For the regular sweet ones I limit myself to two a month from Tim
Horton's, at a staff meeting.

For the experimental savory ones, I figure twice a month is OK
health and weightwise.

 DD> And I *LOVE* chocolate dipped, glazed, old-fashioned doughnuts.

My favourites would be Boston cremes and Dutchies. My all time
favourite has to be a Tim Horton's temporary special offering: a
chocolate fudge filled Boston creme. Unfortunately it was never
repeated.

 DD> Sometimes you are forced to make sacrifices -- especially since
 DD> I have already sent all my "fat" clothes to the Goodwill or the
 DD> dumpster.  Bv)=

And I never want to have to buy fat clothes. I was distressed to
find out during the Boxing Week sales in Edmonton when I
replenished my wardrobe that I am now a 42, not a 40. I've since
lost 1 or those 2 inches on my waist. I don't know how many pounds
that is as I never weighed myself.
         
Another Indian bean fritter thing for my to do next month list.

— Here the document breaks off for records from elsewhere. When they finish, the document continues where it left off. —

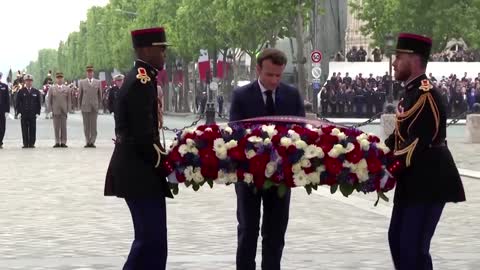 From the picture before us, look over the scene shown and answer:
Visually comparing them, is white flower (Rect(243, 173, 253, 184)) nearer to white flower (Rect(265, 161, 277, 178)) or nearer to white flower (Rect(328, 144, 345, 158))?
white flower (Rect(265, 161, 277, 178))

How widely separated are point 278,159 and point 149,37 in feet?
3.54

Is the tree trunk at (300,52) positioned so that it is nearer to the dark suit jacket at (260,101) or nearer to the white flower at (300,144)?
the dark suit jacket at (260,101)

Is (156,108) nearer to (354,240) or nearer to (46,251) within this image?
(46,251)

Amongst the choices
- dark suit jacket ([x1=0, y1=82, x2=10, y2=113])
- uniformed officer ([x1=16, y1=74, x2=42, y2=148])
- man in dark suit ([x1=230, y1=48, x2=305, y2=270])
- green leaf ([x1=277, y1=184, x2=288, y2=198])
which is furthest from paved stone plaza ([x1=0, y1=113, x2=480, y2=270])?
dark suit jacket ([x1=0, y1=82, x2=10, y2=113])

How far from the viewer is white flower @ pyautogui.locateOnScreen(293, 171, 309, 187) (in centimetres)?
869

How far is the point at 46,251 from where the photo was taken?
12.6 metres

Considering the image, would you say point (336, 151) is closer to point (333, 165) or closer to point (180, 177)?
point (333, 165)

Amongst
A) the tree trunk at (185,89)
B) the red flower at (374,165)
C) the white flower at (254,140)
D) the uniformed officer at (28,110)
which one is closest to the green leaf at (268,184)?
the white flower at (254,140)

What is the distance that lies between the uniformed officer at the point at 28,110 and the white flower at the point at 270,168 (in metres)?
27.7

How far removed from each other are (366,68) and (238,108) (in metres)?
52.3

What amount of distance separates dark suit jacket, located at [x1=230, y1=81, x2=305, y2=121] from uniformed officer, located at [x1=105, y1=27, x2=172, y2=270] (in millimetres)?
764

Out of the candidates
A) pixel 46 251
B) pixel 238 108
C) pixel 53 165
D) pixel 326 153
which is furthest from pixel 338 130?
pixel 53 165

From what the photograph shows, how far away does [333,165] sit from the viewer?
343 inches

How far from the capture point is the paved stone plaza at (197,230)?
11883 mm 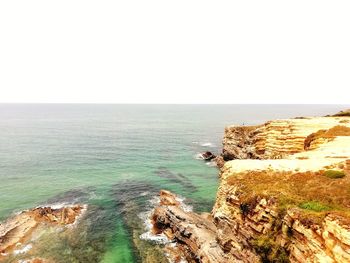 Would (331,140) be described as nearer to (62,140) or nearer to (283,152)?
(283,152)

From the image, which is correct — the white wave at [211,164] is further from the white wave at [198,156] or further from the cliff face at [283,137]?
the cliff face at [283,137]

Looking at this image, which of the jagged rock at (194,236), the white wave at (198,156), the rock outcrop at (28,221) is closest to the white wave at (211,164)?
the white wave at (198,156)

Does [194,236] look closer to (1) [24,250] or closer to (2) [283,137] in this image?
(2) [283,137]

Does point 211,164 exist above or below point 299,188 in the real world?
below

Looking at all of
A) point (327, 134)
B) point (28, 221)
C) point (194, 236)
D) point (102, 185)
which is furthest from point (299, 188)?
point (102, 185)

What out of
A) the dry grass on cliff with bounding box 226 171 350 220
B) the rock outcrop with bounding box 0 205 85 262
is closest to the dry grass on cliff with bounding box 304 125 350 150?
the dry grass on cliff with bounding box 226 171 350 220

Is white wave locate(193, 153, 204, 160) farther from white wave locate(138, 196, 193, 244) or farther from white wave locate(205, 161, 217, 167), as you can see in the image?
white wave locate(138, 196, 193, 244) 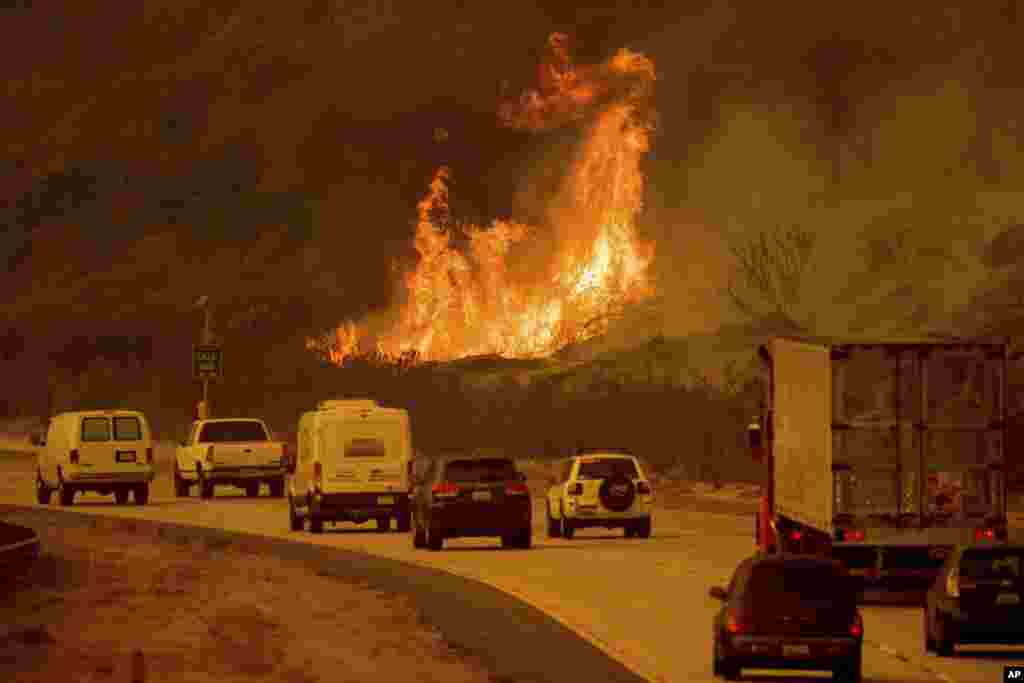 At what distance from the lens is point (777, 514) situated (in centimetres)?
3806

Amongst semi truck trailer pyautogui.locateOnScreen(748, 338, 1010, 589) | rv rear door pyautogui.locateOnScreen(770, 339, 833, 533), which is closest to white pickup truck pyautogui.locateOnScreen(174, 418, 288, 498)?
rv rear door pyautogui.locateOnScreen(770, 339, 833, 533)

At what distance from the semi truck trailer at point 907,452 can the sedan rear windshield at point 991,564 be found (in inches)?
259

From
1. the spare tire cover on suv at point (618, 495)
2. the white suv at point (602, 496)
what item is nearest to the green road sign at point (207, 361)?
the white suv at point (602, 496)

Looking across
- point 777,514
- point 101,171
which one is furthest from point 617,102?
point 777,514

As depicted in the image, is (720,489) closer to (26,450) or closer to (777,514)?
(777,514)

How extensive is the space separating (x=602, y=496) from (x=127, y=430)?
18.0m

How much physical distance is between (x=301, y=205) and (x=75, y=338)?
85.4 feet

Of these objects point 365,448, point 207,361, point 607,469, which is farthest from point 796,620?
point 207,361

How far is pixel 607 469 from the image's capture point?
52625 mm

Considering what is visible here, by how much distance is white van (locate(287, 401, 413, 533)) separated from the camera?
2002 inches

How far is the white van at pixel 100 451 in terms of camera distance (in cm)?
6388

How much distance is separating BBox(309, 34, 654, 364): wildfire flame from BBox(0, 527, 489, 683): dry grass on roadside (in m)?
73.9

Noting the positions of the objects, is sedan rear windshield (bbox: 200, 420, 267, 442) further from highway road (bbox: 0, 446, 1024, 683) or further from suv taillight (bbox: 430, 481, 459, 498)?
suv taillight (bbox: 430, 481, 459, 498)

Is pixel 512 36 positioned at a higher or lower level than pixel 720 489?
higher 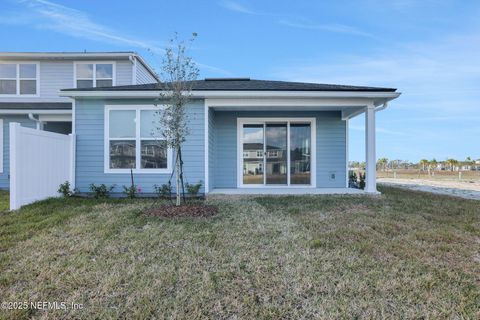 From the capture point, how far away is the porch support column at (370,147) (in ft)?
25.6

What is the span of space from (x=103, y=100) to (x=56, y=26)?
7.69 m

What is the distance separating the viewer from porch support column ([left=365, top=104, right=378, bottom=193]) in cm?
780

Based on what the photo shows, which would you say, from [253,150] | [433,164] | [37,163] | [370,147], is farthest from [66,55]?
[433,164]

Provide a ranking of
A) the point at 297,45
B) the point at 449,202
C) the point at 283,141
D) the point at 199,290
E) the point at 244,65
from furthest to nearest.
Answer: the point at 244,65, the point at 297,45, the point at 283,141, the point at 449,202, the point at 199,290

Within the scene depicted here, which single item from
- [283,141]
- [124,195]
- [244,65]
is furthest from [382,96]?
[244,65]

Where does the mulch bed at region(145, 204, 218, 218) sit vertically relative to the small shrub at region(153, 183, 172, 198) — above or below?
below

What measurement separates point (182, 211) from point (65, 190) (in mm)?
3983

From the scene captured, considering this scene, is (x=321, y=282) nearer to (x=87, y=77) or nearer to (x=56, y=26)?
(x=87, y=77)

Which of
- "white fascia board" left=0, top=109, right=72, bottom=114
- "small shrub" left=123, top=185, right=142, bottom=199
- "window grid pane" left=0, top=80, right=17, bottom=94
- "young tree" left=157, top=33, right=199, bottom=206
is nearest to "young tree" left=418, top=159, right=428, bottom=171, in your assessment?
"small shrub" left=123, top=185, right=142, bottom=199

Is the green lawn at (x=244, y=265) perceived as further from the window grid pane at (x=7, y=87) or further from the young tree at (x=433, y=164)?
the young tree at (x=433, y=164)

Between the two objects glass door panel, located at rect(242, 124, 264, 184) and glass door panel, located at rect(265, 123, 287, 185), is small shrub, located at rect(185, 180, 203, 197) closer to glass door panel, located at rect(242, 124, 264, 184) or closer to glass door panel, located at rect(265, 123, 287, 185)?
glass door panel, located at rect(242, 124, 264, 184)

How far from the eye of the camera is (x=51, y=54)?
1164 cm

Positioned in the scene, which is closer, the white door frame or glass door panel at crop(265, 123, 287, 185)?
the white door frame

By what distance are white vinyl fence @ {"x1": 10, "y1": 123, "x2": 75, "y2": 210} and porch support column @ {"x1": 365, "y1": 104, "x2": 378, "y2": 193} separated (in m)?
8.10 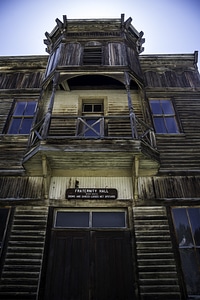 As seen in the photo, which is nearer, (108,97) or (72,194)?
(72,194)

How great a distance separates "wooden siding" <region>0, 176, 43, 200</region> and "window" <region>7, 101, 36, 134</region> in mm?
2426

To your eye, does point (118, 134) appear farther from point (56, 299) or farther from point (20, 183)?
point (56, 299)

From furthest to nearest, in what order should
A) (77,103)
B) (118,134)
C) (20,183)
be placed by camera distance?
(77,103), (118,134), (20,183)

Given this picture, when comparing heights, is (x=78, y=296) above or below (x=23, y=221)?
below

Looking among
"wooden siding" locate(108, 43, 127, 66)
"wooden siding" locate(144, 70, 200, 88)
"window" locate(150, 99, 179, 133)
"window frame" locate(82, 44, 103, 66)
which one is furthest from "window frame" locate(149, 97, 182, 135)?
"window frame" locate(82, 44, 103, 66)

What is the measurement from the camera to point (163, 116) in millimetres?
9195

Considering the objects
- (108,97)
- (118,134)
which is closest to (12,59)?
(108,97)

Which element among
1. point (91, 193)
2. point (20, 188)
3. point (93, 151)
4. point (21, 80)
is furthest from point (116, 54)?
point (20, 188)

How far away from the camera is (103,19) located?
10.9 meters

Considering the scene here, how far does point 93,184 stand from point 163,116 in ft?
14.9

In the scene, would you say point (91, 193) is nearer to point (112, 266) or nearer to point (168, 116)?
point (112, 266)

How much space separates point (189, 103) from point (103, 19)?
6.19 m

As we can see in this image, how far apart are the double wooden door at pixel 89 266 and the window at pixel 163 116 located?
15.2 ft

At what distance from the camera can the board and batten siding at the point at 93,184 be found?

MMMMM----- Recipe via Meal-Master (tm) v8.06
 
      Title: Paruppu Vadai (Mixed Pulse Fried Snack)
 Categories: Indian, Chilies, Curry, Nuts, Beans
      Yield: 45 Servings
 
      3 c  Bengal gram dal
      1 c  Toor dal
      1 c  Black gram dal
      2 tb Grated coconut
      2 tb Ghee
           Oil for frying
      4    Red chiles
     15    Green chiles
      4    Sprigs curry leaves
    3/4 ts Asafoetida
           Salt to taste
 
  Clean, wash and soak dals together for 3 hours. Drain water
  completely. Grind red and green chilies, curry leaves, asafoetida,
  salt, and a spoonful of dals together to a fine paste. Add rest of
  dals and grind coarsely. Do not add any water. Add ghee and grated
  coconut and mix well. Take a spoonful of batter on a clean polythene
  sheet and pat into 5 cm Vadais. Make 4 to 5 Vadais at a time. Heat
  oil and deep fry Vadais till crisp. Drain and serve hot with Chutney
  or Raita.
  
  Makes 45.
  
  For Masala Paruppu Vadai (Fried Snack With Pulses & Onions) -
  
  Make a batter as above. Omit grated coconut. Instead add 3 onions
  (peeled and chopped fine) and 2 tablespoons coriander leaves (chopped
  fine) to the batter just before frying and mix well.
  
  From: Southern Delights (Recipes To Remember From Palakkad) by
  Parwathy Akhileswaran
  
MMMMM
 


Cheers

YK Jim


... Texas is the deep fried weird thing capital of the world.